WHAT THIS TASK INVOLVES
Note the line containing "Atlantic Sailor Lightfish"; from it through the last line below, give only those lines again, exactly, both ends included, skipping pictures.

DATA BLOCK

——————————

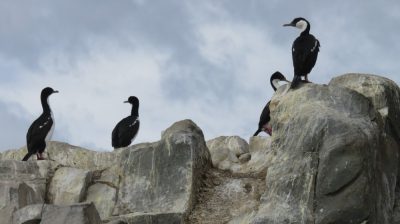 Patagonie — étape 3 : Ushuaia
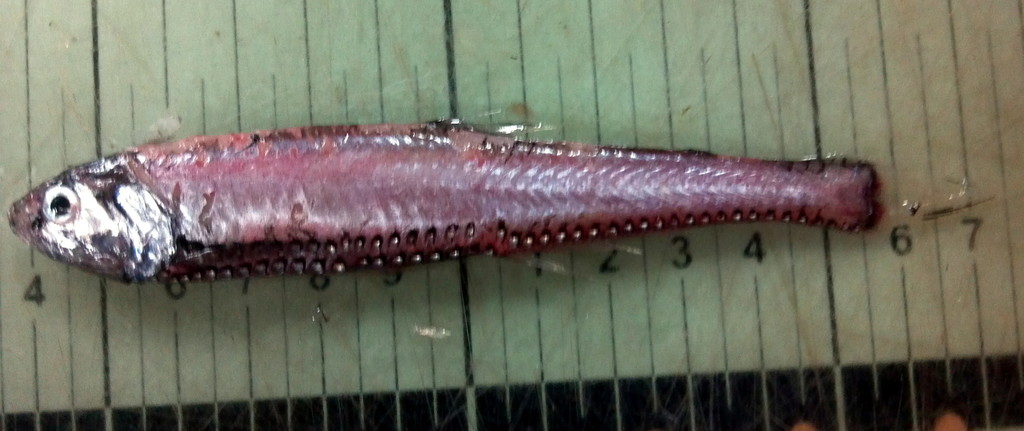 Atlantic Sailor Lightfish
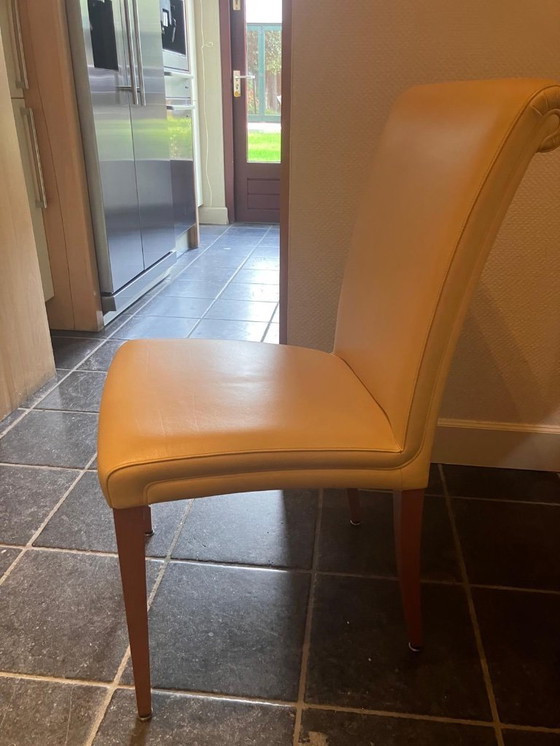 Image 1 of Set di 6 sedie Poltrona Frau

——————————

TASK SOLUTION
 Atlantic Sailor Lightfish
 Image 1 of Set di 6 sedie Poltrona Frau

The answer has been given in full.